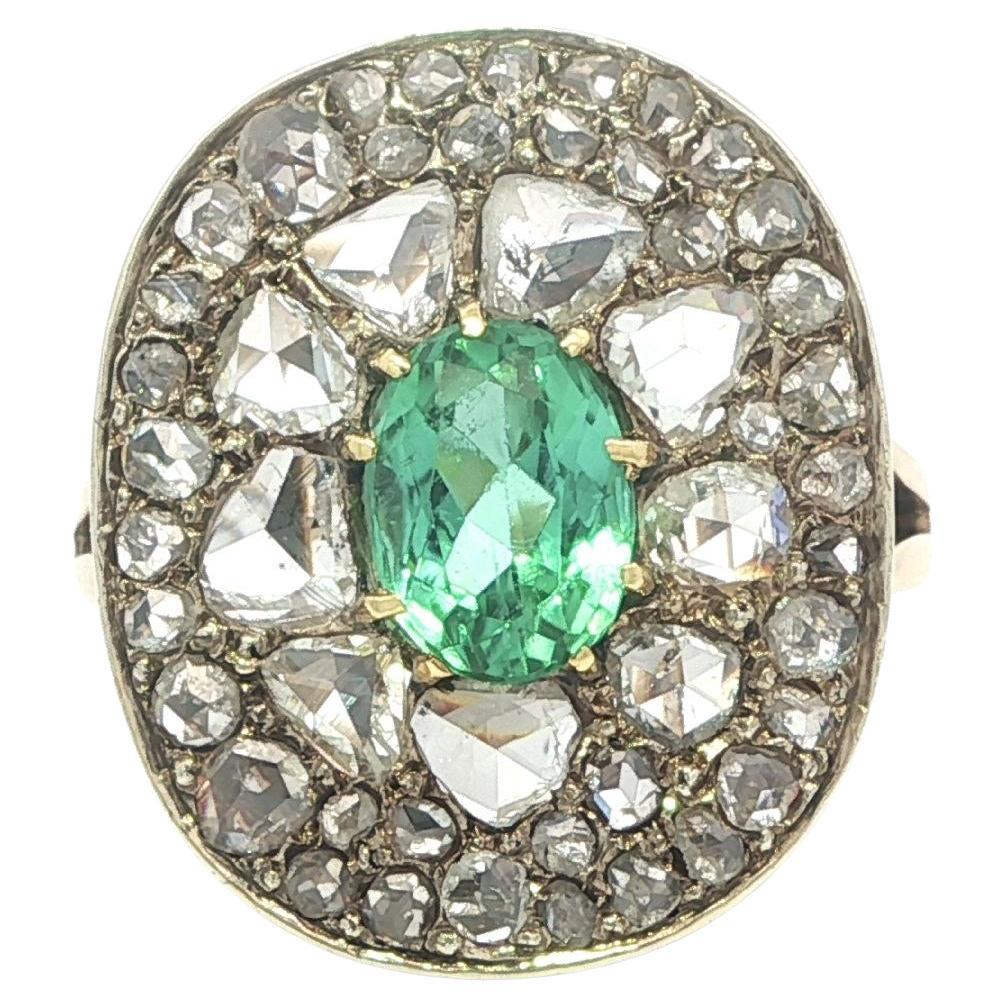 Antique 10k Gold 
Silver GIA Mint Green Tourmaline Old Rose Cut Diamond Ring in vendita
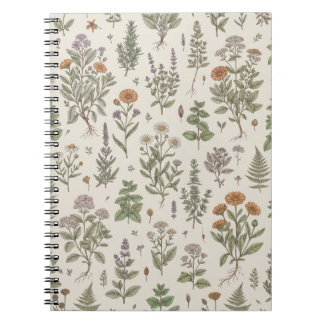 Vintage-Kräutergarten & Wildblumen-Notizbuch Notizblock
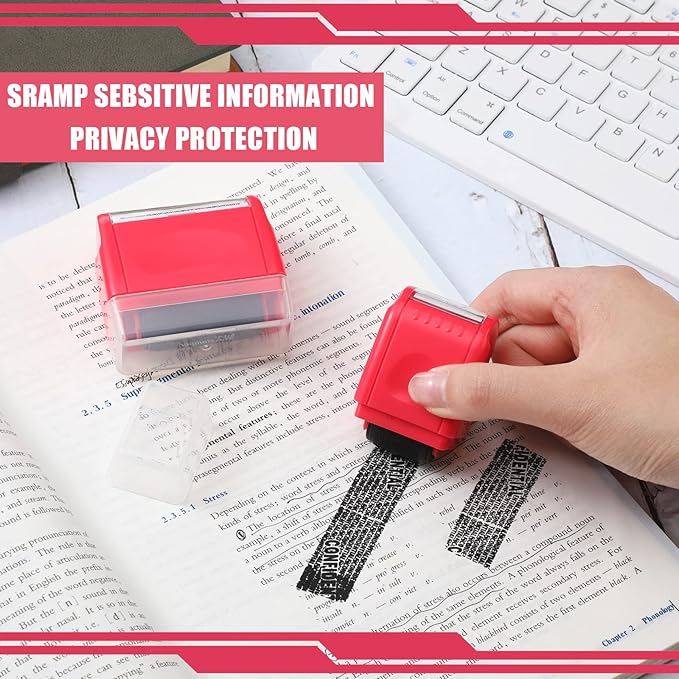 Nezyo 2 Pack Identity Protection Roller Stamp Identity Theft, Confidential, Privacy Roller Stamp Information Blocker and 4 Pack Refill Ink for ID Account Data Address Security(Peach)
○ ○ ○ ○
## About this exercise
Omit the pictures, then output the rest of the listing exactly.

## Output below
 Antique 10k Gold 
Silver GIA Mint Green Tourmaline Old Rose Cut Diamond Ring in vendita
 Vintage-Kräutergarten & Wildblumen-Notizbuch Notizblock
 Nezyo 2 Pack Identity Protection Roller Stamp Identity Theft, Confidential, Privacy Roller Stamp Information Blocker and 4 Pack Refill Ink for ID Account Data Address Security(Peach)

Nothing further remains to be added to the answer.